> Collected material:

- - -

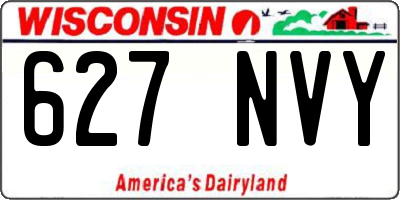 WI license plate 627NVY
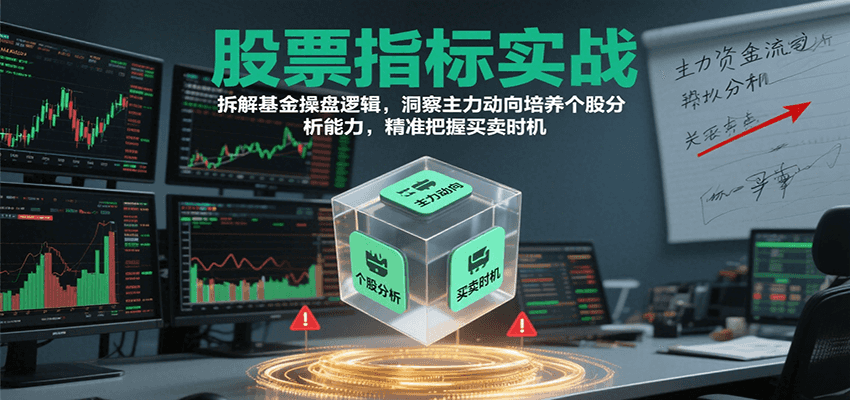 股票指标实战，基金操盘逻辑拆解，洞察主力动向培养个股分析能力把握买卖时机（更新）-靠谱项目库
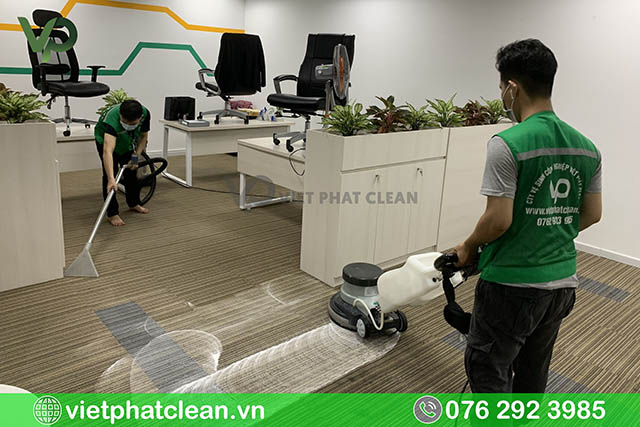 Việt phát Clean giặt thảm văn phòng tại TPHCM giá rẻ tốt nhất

- - -

When you reach the line containing "股票指标实战，基金操盘逻辑拆" in the listing above, reproduce it and every line after it through the last, exactly; omit the pictures.

> Exercise answer:
 股票指标实战，基金操盘逻辑拆解，洞察主力动向培养个股分析能力把握买卖时机（更新）-靠谱项目库
 Việt phát Clean giặt thảm văn phòng tại TPHCM giá rẻ tốt nhất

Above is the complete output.